As I examine the ground, Rosemary shouts “stop” as there is an orchid a few feet from my left boot.

It is a pyramidal (Anacamptis pyramidalis), one the most common in the Chilterns and always a sign of a healthy environment. The flowers on this plant are a rich, deep pink colour that glow under the sun. In the past I have encountered pure white flowers (at Bix), which are uncommon.

Further on, we encounter fragrant orchids (Gymnadenia conopsea) in their masses. The flowers vary in colour from deep pink to pure white.

According to a recently acquired book, Britain’s Orchids, published by Wild Guides and written by David Lang, this species is variable and “exists in three distinct forms”. I didn’t know that.

I spot my prize, a military orchid (Orchis militaris) standing in full splendour. Rosemary is disappointed as she seems to like a man in uniform and finds them somewhat lacking.

Considered extinct in the Thirties and then rediscovered in Buckinghamshire in the late Forties, it is a rather stout and bullish native but glorious, too, displaying pinkish flowers with purple spots in the centre of the lip.

We also find some greater butterfly orchids (Platanthera chlorantha), differentiated from the lesser (Platanthera bifolia) by the divergent pollinia and lax sepals.

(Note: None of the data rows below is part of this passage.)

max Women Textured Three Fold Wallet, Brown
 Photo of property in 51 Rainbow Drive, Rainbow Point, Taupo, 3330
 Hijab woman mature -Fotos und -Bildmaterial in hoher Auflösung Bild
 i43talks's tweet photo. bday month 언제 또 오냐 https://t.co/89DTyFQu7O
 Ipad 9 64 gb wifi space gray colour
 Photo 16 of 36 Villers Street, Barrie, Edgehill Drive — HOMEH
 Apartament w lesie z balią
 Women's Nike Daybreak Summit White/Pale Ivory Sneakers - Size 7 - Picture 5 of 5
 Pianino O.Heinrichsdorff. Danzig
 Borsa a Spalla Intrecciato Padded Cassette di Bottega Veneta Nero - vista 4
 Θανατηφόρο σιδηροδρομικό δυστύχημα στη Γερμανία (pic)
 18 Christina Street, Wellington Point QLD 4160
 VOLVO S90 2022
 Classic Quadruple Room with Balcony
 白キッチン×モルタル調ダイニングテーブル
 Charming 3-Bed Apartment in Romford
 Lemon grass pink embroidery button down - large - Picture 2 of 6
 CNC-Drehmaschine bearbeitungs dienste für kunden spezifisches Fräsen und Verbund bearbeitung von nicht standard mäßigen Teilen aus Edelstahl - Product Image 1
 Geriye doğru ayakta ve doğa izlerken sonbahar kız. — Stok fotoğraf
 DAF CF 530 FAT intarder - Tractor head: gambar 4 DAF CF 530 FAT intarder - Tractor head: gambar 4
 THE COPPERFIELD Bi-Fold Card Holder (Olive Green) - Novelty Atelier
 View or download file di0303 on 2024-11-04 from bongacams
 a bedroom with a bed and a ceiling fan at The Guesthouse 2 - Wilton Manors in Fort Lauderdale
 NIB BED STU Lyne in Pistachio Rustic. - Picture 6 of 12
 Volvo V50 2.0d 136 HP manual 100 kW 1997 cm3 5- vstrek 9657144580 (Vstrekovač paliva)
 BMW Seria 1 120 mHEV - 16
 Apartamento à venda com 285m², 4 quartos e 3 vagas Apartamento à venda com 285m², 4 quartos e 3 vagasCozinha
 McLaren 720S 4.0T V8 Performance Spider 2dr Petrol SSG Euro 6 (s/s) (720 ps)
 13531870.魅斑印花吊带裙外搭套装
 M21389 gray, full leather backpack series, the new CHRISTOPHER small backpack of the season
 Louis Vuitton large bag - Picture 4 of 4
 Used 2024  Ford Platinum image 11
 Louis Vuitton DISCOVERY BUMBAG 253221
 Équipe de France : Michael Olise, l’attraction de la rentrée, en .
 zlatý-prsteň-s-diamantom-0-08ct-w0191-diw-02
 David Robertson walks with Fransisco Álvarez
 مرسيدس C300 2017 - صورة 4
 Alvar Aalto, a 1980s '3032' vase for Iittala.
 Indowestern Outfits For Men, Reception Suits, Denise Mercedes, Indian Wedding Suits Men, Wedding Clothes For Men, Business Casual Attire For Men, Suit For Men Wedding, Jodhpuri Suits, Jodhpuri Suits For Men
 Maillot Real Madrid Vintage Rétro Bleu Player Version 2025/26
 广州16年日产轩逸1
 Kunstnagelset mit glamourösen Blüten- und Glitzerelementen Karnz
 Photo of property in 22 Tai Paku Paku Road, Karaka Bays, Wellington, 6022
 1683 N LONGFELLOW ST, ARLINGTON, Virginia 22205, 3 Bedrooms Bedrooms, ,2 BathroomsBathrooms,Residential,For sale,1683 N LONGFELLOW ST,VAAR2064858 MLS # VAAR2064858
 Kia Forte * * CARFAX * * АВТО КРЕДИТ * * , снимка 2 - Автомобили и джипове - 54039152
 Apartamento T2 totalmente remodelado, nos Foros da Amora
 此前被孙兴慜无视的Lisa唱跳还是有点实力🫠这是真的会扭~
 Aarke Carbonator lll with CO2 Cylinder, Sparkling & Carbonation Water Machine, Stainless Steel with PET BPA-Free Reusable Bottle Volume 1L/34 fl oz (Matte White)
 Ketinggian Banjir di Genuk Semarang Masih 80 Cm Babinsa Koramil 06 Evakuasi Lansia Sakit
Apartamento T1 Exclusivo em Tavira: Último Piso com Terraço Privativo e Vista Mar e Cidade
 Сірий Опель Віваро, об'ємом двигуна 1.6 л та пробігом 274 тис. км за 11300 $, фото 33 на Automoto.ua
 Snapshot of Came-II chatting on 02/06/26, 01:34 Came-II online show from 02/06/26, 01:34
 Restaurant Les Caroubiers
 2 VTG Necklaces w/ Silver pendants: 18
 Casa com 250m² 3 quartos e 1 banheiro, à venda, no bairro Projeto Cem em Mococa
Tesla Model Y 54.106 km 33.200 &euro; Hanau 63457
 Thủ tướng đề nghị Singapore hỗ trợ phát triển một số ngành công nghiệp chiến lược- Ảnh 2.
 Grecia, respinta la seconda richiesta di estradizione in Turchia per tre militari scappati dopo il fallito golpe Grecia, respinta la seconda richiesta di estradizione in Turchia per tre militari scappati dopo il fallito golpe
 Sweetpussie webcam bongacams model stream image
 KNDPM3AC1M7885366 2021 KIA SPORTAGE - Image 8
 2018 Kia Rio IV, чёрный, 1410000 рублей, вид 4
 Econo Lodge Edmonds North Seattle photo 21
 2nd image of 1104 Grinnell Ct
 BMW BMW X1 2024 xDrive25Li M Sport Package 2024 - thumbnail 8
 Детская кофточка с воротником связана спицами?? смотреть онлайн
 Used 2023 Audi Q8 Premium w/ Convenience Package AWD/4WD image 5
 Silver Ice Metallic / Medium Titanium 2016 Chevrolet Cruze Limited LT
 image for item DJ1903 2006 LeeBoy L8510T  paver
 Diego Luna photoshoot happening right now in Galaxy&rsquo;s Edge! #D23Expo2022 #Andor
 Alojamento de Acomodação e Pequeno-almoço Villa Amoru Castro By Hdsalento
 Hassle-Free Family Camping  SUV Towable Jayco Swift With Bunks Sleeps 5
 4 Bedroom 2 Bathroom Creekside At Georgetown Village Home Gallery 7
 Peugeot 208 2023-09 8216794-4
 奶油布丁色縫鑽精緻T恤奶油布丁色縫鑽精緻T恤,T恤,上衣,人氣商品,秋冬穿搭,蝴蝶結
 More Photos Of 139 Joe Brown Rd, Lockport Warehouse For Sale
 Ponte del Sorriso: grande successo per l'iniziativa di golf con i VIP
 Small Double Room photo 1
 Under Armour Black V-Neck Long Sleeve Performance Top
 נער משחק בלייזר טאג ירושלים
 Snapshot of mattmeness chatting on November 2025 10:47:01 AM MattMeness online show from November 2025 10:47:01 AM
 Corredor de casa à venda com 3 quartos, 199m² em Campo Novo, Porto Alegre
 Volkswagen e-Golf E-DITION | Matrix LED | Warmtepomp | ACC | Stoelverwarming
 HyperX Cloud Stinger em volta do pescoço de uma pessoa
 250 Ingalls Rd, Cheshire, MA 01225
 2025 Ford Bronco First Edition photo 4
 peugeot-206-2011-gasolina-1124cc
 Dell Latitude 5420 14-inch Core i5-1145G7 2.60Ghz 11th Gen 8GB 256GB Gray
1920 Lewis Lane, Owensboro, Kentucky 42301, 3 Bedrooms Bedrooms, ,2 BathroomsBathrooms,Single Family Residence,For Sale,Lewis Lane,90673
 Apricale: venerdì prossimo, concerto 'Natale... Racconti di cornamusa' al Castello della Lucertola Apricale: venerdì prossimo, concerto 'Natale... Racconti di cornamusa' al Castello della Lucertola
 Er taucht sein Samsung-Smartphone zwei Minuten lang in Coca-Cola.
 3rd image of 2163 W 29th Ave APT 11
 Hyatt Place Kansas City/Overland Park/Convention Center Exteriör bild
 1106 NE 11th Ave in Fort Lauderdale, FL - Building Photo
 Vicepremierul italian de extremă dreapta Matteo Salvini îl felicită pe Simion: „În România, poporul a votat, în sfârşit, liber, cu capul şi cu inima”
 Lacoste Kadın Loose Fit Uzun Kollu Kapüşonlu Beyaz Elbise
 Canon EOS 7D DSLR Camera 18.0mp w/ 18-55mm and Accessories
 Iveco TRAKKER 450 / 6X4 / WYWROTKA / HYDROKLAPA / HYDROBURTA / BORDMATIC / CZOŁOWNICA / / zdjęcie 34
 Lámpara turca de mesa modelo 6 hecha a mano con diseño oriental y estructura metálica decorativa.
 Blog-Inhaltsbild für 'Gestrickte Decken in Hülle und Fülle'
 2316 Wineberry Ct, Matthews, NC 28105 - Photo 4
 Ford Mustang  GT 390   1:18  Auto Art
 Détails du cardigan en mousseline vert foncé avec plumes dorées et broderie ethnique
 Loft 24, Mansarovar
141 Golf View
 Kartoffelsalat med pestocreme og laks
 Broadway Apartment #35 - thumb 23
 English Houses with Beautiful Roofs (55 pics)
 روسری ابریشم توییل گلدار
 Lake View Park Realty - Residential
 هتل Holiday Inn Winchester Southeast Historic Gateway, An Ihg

The flowers are candle-white, exquisitely night-scented and luminous. Both can be found at BBOWT’s Warburg reserve, near Bix, which is always worth a visit.

Common spotted orchids (Dactylorhiza fuchsii) are abundant. Very robust and pleasing to the eye, they grace the grassland with their intricately patterned labella.

After lunch I direct Rosemary to another BBOWT reserve, Hartslock, which sits on a very steep hillside near Gatehampton, just south of Goring.

There is a substantial climb to gain the crest. On our ascent we meet a beautiful columbine (Aquilegia vulgaris) with resplendent rose-tinted flowers. I’m hoping to show Rosemary the monkey orchids (Orchis simia) that grow here and the hybrids with the lady orchid (Orchis purpurata). Unfortunately, they have already flowered and gone over.

I don’t know quite why but so many of these charming plants seem to be flowering earlier than usual. Is it down to climate change?

Still, this is a lovely place and at the dizzy summit we are awarded splendid views over the famous Goring Gap and River Thames. Chalk milkwort (Polygala calcarea) with its bright blue, small flowers lie at our feet, bird’s-foot-trefoil abounds.

Church Farm with its church looks like something out of a film set. Why is there a church — was this once a village? At the base of the reserve we find a huge carpet of yellow-rattle (Rhinanthus minor), a semi-parasitic plant, among the wonderfully swaying grassland, caressed by a breeze. When the seeds ripen they rattle in large fruit capsules, hence the name.

Tall red clover is mobbed by bees. Common spotted and pyramidal orchids grow in profusion, varying in colour from rich purple to light pink.

Oxeye daisies thrive, stout species of thistles will soon be in flower and perforate St John’s-wort is bursting into yellow flower. The scent of wild marjoram, a wonderful herb that is ubiquitous here, is constant. Insects of every description fly, crawl or flutter. This is a wonderful place.

As we leave the reserve, we size up the landscape. It is dramatic with its rolling hills. Much of the rising land between Gatehampton Manor and Upper Gatehampton Farm is now “open access”, running mainly to grassland. Within there are inviting, small copses at about the 100m mark. This land demands a visit soon.

As we return to our car, buckthorn and elder line our path. Greater burdock with huge leaves and nipplewort with small yellow flowers bejewel the side of the lane. Across the river Lardon Chase beckons atop the opposing hillside. Can we fit all this in? Yes, we can and will.

A lasting impression from today is how clever the natural world is. Adaptations to soil and slope, the interactions between plants, insects, mammals and birds, the jostling for position and sunlight.

Wow, what a day. We head home. Time for supper and an early night we think and then, what may tomorrow hold?

We’ll be back to sit at the top of Hartslock when there is a full moon on a midsummer evening. We can’t wait.